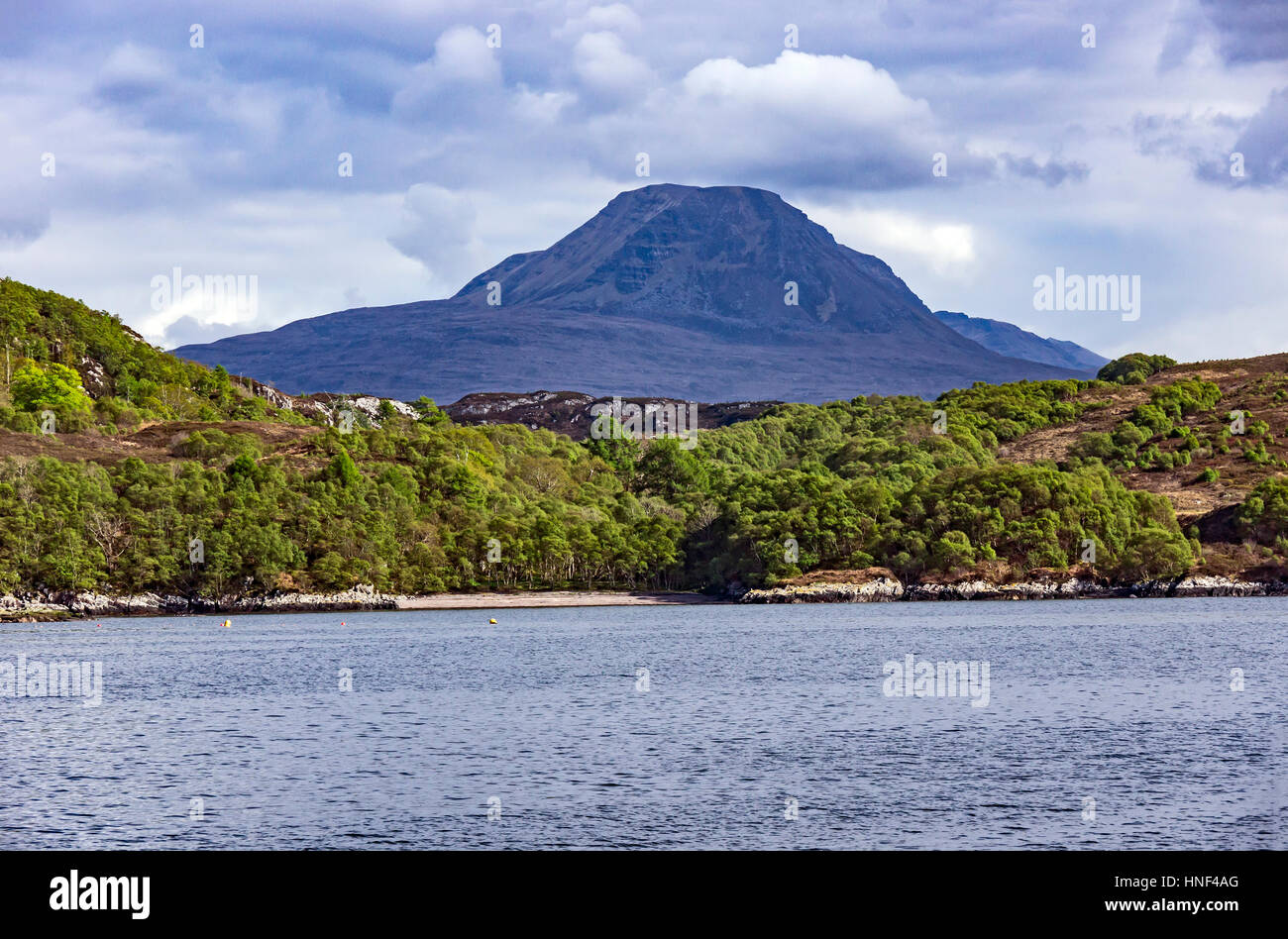 La montagne écossaise Slioch dominant les environs en Wester Ross West Highland comme vu du Loch Gairloch Banque D'Images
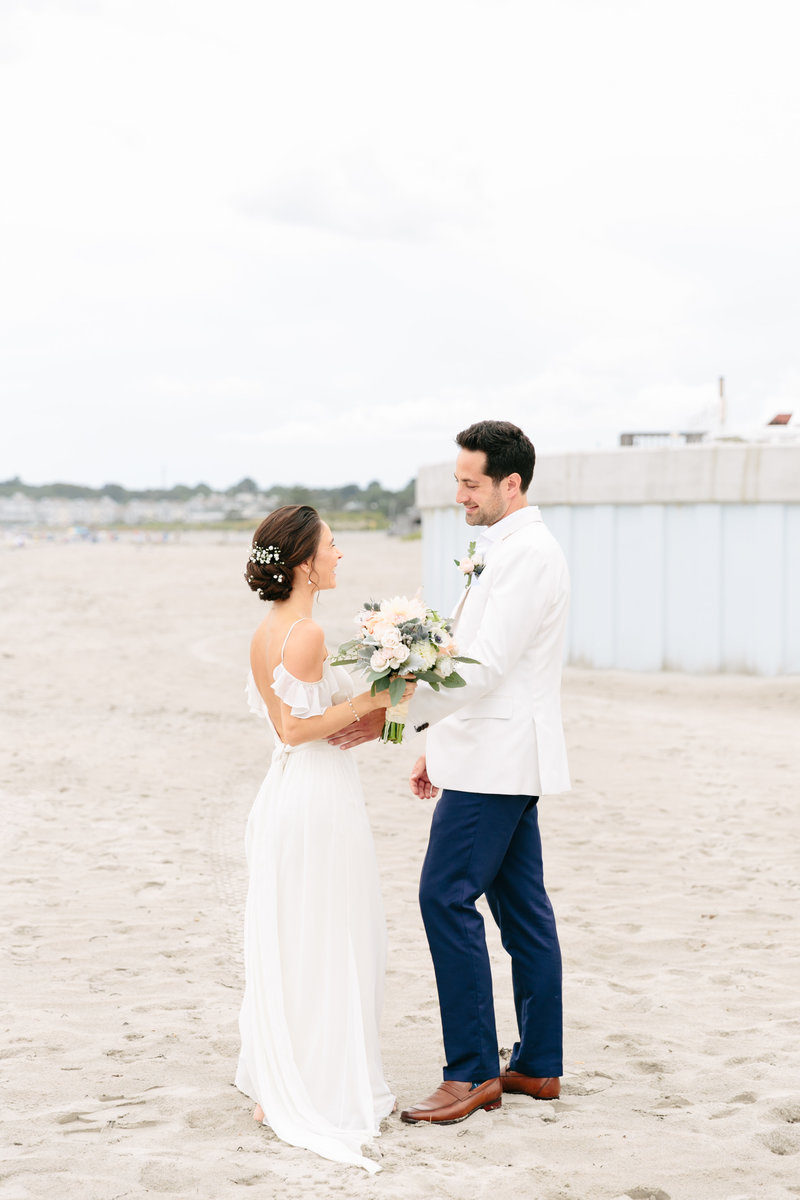 2019-aug23-dunes-club-newport-wedding-photography-rhodeisland-kimlynphotography0301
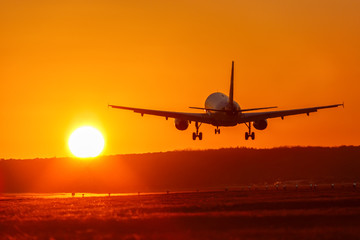 Fototapeta na wymiar Flugzeug Flughafen Luftfahrt Sonne Sonnenuntergang Ferien Urlaub Reise reisen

## Exercise directions
Repeat the data verbatim, excluding all pictures.

## Result below
 La montagne écossaise Slioch dominant les environs en Wester Ross West Highland comme vu du Loch Gairloch Banque D'Images
 2019-aug23-dunes-club-newport-wedding-photography-rhodeisland-kimlynphotography0301
 Fototapeta na wymiar Flugzeug Flughafen Luftfahrt Sonne Sonnenuntergang Ferien Urlaub Reise reisen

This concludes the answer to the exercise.